Datasets to evaluate ParaView algorithms

For research purpose I have made some changes in ParaView’s code, and I would like to test whether these changes bring any performance improvement at scale on large datasets. So my question is: does the ParaView community have large datasets available, ideally originating from real scientific simulations, that I could use for this purpose?

You can generate large dataset using sources in ParaView, but these are not from real scientific simulation. Other than that, OpenFOAM has quite big dataset to simulate.

What kind of datasets are you looking for ?

I’m looking for any kind of dataset that I could visualize, with a size of several GB to a TB. If the dataset came with some explanation of visualization typically done with it, that would be great. If it was used in some other visualization-related publication, it would be awesome since I would have something to cite.

Also since I’m interested in parallel rendering, a dataset that can be split across processes in a way that reflects how it was originally generated, would be a must.

Do you have a link to those OpenFOAM datasets?

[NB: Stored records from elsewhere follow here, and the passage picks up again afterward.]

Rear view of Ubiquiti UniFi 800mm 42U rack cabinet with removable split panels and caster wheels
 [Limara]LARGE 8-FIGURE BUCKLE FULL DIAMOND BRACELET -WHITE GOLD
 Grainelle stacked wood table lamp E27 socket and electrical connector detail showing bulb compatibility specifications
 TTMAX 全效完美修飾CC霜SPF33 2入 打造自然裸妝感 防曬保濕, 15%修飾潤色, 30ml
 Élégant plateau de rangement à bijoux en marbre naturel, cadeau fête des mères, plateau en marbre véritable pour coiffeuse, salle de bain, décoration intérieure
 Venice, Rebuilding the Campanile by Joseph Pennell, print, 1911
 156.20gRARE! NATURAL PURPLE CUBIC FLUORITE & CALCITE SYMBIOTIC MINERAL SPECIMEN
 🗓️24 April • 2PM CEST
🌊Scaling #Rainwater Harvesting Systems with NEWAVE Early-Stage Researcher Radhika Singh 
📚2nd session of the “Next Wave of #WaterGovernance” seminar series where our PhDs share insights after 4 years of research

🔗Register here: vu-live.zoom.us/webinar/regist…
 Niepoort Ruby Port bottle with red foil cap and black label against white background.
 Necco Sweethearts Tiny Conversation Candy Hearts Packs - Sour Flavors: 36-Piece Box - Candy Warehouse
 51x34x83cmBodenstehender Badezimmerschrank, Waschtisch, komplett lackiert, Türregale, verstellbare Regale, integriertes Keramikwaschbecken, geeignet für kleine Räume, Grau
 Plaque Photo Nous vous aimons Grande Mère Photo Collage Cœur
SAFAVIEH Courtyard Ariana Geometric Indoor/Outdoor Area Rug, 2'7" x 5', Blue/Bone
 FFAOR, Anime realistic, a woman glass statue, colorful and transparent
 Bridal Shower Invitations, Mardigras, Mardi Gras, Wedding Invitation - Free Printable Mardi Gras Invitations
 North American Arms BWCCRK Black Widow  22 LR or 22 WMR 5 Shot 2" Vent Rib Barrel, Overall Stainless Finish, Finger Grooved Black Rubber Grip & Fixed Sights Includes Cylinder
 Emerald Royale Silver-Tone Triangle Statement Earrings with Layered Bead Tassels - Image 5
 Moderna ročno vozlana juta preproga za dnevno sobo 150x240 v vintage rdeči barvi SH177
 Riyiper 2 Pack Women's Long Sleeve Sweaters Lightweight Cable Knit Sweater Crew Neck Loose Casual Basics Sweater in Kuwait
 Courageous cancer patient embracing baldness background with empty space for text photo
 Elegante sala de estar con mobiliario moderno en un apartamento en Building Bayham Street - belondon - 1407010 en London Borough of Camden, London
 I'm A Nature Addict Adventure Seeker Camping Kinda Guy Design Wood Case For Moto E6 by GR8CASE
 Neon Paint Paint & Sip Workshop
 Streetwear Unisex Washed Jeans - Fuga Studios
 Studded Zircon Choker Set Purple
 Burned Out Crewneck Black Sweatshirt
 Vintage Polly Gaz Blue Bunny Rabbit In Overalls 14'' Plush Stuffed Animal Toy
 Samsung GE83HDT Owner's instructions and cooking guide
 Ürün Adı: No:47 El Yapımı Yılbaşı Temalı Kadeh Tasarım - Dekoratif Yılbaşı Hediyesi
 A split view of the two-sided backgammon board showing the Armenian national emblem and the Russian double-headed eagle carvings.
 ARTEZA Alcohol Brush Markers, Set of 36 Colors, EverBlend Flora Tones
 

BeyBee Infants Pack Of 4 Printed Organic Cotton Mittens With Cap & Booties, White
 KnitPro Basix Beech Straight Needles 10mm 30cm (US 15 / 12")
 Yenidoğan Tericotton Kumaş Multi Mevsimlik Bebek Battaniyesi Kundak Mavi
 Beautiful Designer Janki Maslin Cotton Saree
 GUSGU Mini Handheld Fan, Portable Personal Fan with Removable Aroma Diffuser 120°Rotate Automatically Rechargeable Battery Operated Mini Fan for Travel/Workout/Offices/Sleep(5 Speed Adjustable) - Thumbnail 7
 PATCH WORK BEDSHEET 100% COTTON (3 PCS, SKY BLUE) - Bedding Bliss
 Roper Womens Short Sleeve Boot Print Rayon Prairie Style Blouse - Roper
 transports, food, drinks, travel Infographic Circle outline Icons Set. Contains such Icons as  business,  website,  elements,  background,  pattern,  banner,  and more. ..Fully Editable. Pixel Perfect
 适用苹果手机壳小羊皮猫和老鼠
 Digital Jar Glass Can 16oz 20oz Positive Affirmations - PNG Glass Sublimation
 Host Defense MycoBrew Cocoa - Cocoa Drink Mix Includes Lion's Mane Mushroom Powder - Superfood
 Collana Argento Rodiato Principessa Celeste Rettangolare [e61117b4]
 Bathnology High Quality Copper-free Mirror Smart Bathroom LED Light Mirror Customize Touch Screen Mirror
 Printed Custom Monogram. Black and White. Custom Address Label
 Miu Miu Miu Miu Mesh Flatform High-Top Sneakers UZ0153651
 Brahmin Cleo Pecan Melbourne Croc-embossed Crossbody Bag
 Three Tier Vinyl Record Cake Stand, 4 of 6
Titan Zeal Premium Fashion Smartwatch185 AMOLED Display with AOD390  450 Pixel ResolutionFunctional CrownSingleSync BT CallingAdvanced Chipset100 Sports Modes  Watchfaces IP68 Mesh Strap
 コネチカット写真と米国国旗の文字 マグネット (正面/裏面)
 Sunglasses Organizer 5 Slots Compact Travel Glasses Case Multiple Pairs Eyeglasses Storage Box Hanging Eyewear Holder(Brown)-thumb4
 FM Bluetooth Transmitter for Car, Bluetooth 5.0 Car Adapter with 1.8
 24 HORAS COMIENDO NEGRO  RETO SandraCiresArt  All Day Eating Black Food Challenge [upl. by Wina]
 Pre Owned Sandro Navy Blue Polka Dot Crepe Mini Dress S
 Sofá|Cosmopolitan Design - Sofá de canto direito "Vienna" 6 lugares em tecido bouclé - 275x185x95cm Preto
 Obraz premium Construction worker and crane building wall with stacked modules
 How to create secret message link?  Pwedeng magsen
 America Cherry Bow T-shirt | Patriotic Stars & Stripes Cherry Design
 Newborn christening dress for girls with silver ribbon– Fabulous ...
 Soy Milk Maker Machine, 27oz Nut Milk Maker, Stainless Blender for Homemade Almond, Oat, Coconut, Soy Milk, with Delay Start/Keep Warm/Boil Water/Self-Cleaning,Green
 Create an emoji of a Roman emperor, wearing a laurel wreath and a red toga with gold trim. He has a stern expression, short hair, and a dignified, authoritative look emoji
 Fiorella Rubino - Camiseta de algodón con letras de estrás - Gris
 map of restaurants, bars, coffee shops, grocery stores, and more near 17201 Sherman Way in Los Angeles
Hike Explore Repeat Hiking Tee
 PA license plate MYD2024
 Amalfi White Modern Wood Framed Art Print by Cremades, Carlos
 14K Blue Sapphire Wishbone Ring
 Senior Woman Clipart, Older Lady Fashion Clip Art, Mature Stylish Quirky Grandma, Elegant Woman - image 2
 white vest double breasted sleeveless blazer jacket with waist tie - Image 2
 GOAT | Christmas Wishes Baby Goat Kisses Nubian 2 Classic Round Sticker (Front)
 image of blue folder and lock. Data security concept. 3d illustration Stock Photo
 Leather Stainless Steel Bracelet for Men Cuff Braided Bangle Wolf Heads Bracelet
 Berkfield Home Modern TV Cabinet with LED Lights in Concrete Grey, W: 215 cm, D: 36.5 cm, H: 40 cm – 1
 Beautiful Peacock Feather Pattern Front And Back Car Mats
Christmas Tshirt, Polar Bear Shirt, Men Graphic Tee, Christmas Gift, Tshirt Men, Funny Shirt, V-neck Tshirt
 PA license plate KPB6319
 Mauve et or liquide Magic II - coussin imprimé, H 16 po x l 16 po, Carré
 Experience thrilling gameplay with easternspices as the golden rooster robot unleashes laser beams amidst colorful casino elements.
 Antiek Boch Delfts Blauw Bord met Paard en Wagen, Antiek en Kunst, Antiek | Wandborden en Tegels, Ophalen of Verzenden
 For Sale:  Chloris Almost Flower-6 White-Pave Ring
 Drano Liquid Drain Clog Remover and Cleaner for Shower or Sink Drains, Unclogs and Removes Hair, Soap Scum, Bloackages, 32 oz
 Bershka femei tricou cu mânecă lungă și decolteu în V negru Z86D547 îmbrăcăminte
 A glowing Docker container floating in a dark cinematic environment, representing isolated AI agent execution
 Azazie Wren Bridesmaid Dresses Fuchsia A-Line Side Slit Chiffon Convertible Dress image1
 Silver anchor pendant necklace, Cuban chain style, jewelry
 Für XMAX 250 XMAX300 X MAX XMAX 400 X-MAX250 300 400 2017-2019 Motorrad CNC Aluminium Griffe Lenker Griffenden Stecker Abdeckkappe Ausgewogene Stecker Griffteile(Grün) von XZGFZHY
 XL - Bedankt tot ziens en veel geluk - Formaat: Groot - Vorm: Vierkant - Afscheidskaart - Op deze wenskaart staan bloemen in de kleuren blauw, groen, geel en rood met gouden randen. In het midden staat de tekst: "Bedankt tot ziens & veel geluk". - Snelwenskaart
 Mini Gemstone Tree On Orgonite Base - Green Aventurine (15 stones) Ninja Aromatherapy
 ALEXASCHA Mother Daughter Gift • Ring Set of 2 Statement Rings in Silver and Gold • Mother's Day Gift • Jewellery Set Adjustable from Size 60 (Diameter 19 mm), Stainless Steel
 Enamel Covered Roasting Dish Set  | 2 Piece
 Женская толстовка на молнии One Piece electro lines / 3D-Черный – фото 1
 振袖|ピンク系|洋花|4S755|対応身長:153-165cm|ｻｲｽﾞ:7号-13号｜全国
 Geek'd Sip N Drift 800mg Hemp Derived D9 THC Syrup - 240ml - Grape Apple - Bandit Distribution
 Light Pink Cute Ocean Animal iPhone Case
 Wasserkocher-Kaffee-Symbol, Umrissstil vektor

I think @olesenm must know :slight_smile:

The Deep Water Impact Dataset is available. It was used for the 2018 IEEE Visualization SciVis Contest and visualizations from it won the 2017 Visualization Showcase at SC17. It is also used/referenced in the ghost cell generator paper. It is a relatively large unstructured grid of hexahedrons originally a grid of octtrees in the originating simulation. We are working at getting a new machine to serve up the data and make it available, hopefully in the next month. In the meantime, I have some of the yA31 timesteps on google drive that I can share with you, if you like. We frequently use this data set to test emerging ParaView versions on parallel distributed memory supercomputers. I believe others have used it to test volume renderers and other parallel algorithms in VTK/ParaView.